(Caption-style text data)

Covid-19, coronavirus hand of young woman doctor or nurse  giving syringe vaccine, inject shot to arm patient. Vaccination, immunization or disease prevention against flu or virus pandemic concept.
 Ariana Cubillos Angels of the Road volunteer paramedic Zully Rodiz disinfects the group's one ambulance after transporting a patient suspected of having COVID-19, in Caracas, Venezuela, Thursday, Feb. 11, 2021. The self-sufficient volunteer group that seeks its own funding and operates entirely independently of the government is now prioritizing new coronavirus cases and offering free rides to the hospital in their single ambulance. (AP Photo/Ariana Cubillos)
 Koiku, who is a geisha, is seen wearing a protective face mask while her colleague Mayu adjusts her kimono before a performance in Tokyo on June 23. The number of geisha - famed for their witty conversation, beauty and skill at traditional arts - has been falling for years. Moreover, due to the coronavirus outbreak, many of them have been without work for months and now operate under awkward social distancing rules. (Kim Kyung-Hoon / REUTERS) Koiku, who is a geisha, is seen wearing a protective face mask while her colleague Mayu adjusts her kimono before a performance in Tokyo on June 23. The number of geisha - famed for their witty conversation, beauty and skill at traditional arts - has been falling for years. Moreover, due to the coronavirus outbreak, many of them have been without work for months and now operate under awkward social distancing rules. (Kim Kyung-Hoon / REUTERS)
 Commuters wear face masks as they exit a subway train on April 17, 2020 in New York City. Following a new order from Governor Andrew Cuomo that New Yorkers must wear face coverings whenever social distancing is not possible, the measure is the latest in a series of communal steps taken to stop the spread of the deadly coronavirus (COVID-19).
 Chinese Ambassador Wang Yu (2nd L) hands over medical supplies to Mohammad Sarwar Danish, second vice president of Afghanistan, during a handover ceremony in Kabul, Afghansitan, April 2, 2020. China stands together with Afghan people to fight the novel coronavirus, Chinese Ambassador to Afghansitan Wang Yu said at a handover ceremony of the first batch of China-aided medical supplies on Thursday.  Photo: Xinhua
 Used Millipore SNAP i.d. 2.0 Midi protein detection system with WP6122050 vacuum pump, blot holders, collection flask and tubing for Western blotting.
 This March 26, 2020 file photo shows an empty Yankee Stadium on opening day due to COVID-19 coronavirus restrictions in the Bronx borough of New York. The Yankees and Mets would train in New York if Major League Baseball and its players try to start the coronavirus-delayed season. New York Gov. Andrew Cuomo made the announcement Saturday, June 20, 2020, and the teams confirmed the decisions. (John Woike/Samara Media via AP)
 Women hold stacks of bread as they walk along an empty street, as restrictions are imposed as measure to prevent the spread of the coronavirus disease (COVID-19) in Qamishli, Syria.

Your task
Each line above is to be restated exactly.

Exercise output
Covid-19, coronavirus hand of young woman doctor or nurse  giving syringe vaccine, inject shot to arm patient. Vaccination, immunization or disease prevention against flu or virus pandemic concept.
 Ariana Cubillos Angels of the Road volunteer paramedic Zully Rodiz disinfects the group's one ambulance after transporting a patient suspected of having COVID-19, in Caracas, Venezuela, Thursday, Feb. 11, 2021. The self-sufficient volunteer group that seeks its own funding and operates entirely independently of the government is now prioritizing new coronavirus cases and offering free rides to the hospital in their single ambulance. (AP Photo/Ariana Cubillos)
 Koiku, who is a geisha, is seen wearing a protective face mask while her colleague Mayu adjusts her kimono before a performance in Tokyo on June 23. The number of geisha - famed for their witty conversation, beauty and skill at traditional arts - has been falling for years. Moreover, due to the coronavirus outbreak, many of them have been without work for months and now operate under awkward social distancing rules. (Kim Kyung-Hoon / REUTERS) Koiku, who is a geisha, is seen wearing a protective face mask while her colleague Mayu adjusts her kimono before a performance in Tokyo on June 23. The number of geisha - famed for their witty conversation, beauty and skill at traditional arts - has been falling for years. Moreover, due to the coronavirus outbreak, many of them have been without work for months and now operate under awkward social distancing rules. (Kim Kyung-Hoon / REUTERS)
 Commuters wear face masks as they exit a subway train on April 17, 2020 in New York City. Following a new order from Governor Andrew Cuomo that New Yorkers must wear face coverings whenever social distancing is not possible, the measure is the latest in a series of communal steps taken to stop the spread of the deadly coronavirus (COVID-19).
 Chinese Ambassador Wang Yu (2nd L) hands over medical supplies to Mohammad Sarwar Danish, second vice president of Afghanistan, during a handover ceremony in Kabul, Afghansitan, April 2, 2020. China stands together with Afghan people to fight the novel coronavirus, Chinese Ambassador to Afghansitan Wang Yu said at a handover ceremony of the first batch of China-aided medical supplies on Thursday.  Photo: Xinhua
 Used Millipore SNAP i.d. 2.0 Midi protein detection system with WP6122050 vacuum pump, blot holders, collection flask and tubing for Western blotting.
 This March 26, 2020 file photo shows an empty Yankee Stadium on opening day due to COVID-19 coronavirus restrictions in the Bronx borough of New York. The Yankees and Mets would train in New York if Major League Baseball and its players try to start the coronavirus-delayed season. New York Gov. Andrew Cuomo made the announcement Saturday, June 20, 2020, and the teams confirmed the decisions. (John Woike/Samara Media via AP)
 Women hold stacks of bread as they walk along an empty street, as restrictions are imposed as measure to prevent the spread of the coronavirus disease (COVID-19) in Qamishli, Syria.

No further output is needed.